Nonetheless, Rankin cautioned the students to contemplate on their motivation to preach; rather than be motivated primarily by the need or obligation to serve Christ, Rankin said, be motivated to share God's passion of love for all people.

"Whatever it takes," he said. "That's what God's passion did when he sent Jesus to the cross -- whatever it takes."

Another speaker, Cal Guy, distinguished professor emeritus of Christian missions on the campus, challenged the students to place themselves in God’s ultimate plan to reach the world.

"God's ways seem illogical, radical, sometimes even unreasonable and unnatural," he said. "It's because they are supernatural."

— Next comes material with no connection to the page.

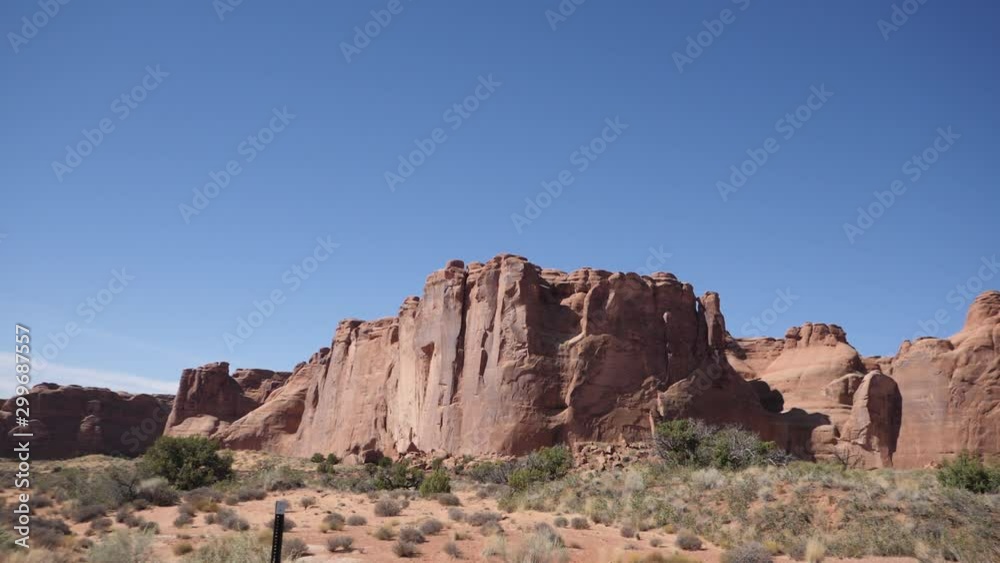 SANDSTONE WALL. Natural Rock Formation in Moab, Utah. You could see hundreds of these monstrous formations along the road as you Drive. SANDSTONE WALL. Natural Rock Formation in Moab, Utah. You could see hundreds of these monstrous formations along the road as you Drive.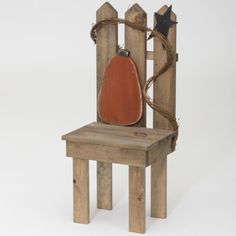 an old wooden chair with a red cushion on it's back and rope wrapped around the seat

Keith Eitel, Southeastern’s missiologist and director of the Center for Great Commission Studies, also delivered a challenging message called the "Antioch Factor," in which he asked the students to imitate the Antioch church of Acts in the New Testament and reach out cross-culturally.

Eitel focused on the love of Barnabas, a leader in the Antioch movement; Barnabas’s love for evangelism of non-Jews in the first century should be a model for church planters in the 21st century, Eitel asserted.

"He took what he knew from the Word of God and he saw that that meant gentiles should have the same basis of salvation as Jews," Eitel said, "That is, faith in Christ."

Eitel then encouraged the students to gain the strength to win from God.

"He's the one to do the empowering," the professor said. "You're the one to simply yield."


By Pauline J.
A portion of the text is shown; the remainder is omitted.